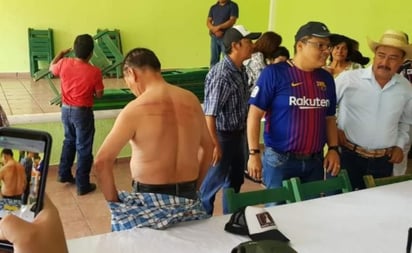 Los siete hombres, tres de ellos que tienen problemas de hipertensión, fueron recluidos en la prisión de la comunidad, donde únicamente les dieron de comer unas tortillas y un poco de frijoles, pero aunque los enfermos pidieron los medicamentos que toman diario, nunca se los entregaron. (EL UNIVERSAL)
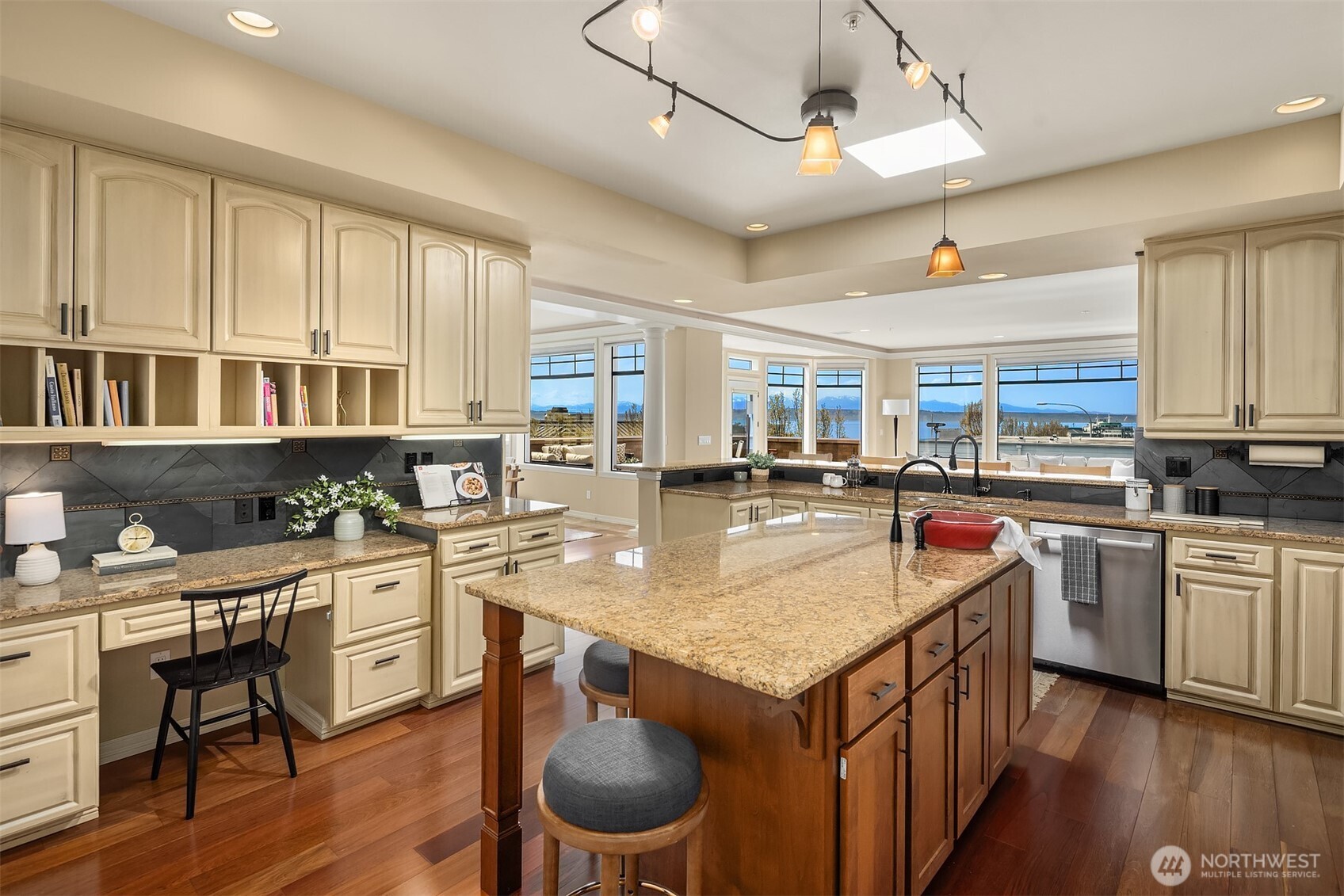 111 Main Street, Unit 203 Edmonds, WA 98020 - Photo 14 of 40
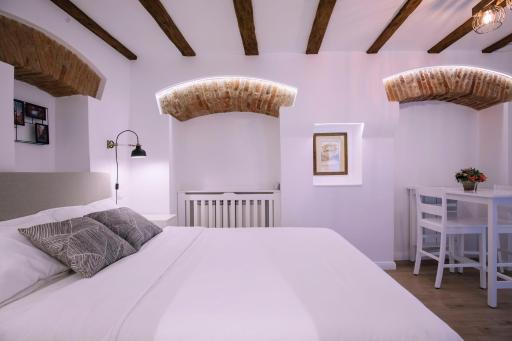Chic Central Studio - Housity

※

ASSIGNED TASK:
Omit the pictures, then give all the lines above again exactly.

EXERCISE SOLUTION:
 Los siete hombres, tres de ellos que tienen problemas de hipertensión, fueron recluidos en la prisión de la comunidad, donde únicamente les dieron de comer unas tortillas y un poco de frijoles, pero aunque los enfermos pidieron los medicamentos que toman diario, nunca se los entregaron. (EL UNIVERSAL)
 111 Main Street, Unit 203 Edmonds, WA 98020 - Photo 14 of 40
Chic Central Studio - Housity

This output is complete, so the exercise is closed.